- [DATA FOR ANALYSIS]
※

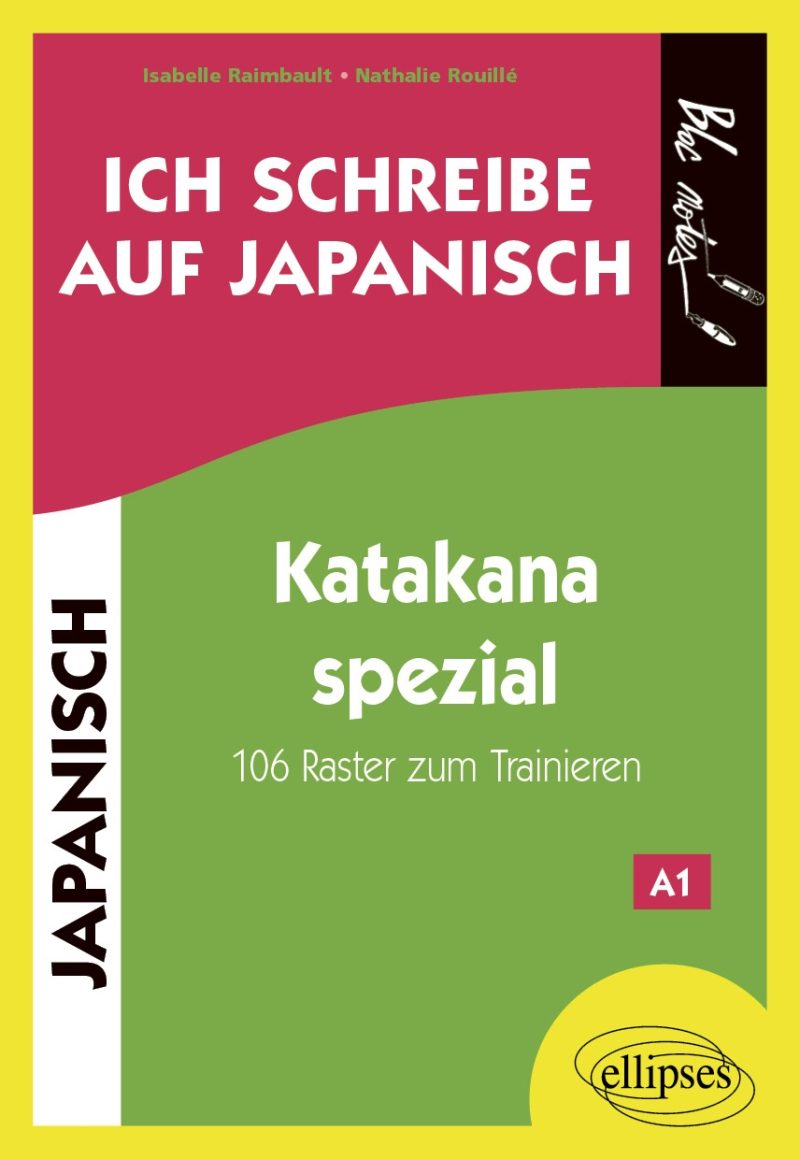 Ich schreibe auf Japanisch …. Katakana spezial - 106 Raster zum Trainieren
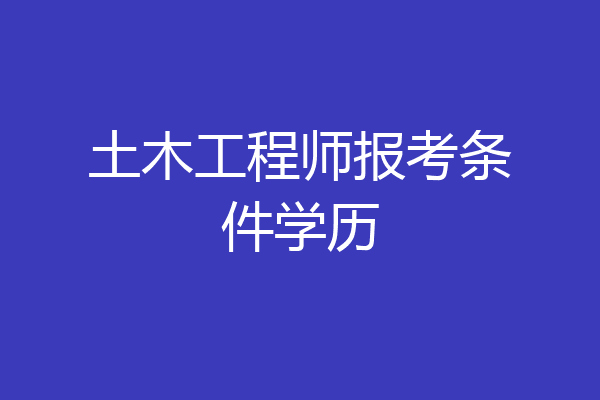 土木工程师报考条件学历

※

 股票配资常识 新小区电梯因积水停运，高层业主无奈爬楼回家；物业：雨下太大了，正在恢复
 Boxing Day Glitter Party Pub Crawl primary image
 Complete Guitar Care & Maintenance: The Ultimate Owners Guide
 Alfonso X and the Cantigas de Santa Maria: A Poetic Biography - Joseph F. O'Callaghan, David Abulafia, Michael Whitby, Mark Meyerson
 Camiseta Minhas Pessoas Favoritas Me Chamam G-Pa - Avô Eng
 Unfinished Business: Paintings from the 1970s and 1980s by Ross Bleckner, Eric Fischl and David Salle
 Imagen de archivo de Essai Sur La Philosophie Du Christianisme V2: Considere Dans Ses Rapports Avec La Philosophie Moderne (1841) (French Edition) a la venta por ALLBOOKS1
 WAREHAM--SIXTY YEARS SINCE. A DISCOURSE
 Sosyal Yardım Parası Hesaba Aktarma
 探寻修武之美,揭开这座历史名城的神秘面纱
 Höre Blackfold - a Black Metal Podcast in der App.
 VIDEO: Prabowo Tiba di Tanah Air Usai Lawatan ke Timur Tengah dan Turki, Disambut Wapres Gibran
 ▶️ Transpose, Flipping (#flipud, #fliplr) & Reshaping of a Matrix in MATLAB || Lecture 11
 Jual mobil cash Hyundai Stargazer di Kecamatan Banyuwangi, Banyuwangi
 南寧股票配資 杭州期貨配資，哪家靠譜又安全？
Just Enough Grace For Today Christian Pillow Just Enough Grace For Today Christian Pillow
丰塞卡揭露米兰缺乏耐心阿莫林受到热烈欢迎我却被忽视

※

- [EXERCISE OBJECTIVE]
What are the lines, exactly as written above, from the line with "Alfonso X and" to the line with "Imagen de archivo", both included? Output only those.

- [EXERCISE ANSWER]
 Alfonso X and the Cantigas de Santa Maria: A Poetic Biography - Joseph F. O'Callaghan, David Abulafia, Michael Whitby, Mark Meyerson
 Camiseta Minhas Pessoas Favoritas Me Chamam G-Pa - Avô Eng
 Unfinished Business: Paintings from the 1970s and 1980s by Ross Bleckner, Eric Fischl and David Salle
 Imagen de archivo de Essai Sur La Philosophie Du Christianisme V2: Considere Dans Ses Rapports Avec La Philosophie Moderne (1841) (French Edition) a la venta por ALLBOOKS1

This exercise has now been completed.